The Awassi footage equated to an existential crisis for the livestock export industry, Dr McEwen said.

"What it has raised was various challenges about the meaning of the industry beyond that incident," she said.

"The discussion grew from that particular failing into a wider discourse as to whether this industry should continue at all."

The reviews that followed made regulators think very deeply about what they do, how to manage welfare more broadly and how to effect change.

Change takes time, and it takes investment and a commitment and willingness from people, Dr McEwen said.

One of the big struggles was in how to use what is effectively trade-based legislation to deliver animal welfare, she said.

But new tools were proving invaluable.

"Independent observers have been a fantastic insight. We've been able to understand things about what happens on voyages much better," Dr McEwen said.

"That has given us the confidence to talk about the industry in a way we couldn't in the past."

Much of what has come from IO reports has been good news for industry, she said.

"Most major disasters like the Awassi tend to be multifactorial. It's not one thing that goes wrong," she said.

"By dealing with the little things we might be able to stop a hole going through to swiss cheese."

Ultimately, the key would be working together, Dr McEwen argued.

"We need to find ways to bring animal welfare advocates to the table," she said.

"That's challenging. Many don't believe live-ex should happen under any circumstances. But that doesn't mean we can't talk about what we do to improve animal welfare.

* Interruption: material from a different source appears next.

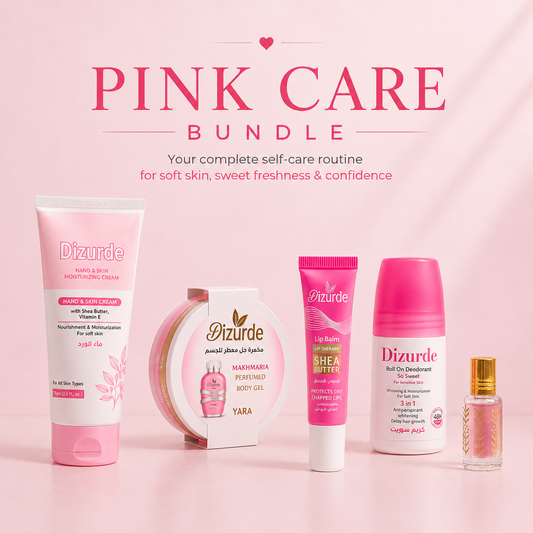 Pink Care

"Engaging the rational vegetarian will be part of the answer."

Life in the live animal exports division was all about managing risk and change, Dr McEwen said.

"Almost every day we have articles in the media and as a public servant that is challenging," she said.

"In this industry if innovation goes wrong it will end up on the front page and that's not good for ongoing industry sustainability.

"We have to find ways to innovate without risking the future of the industry."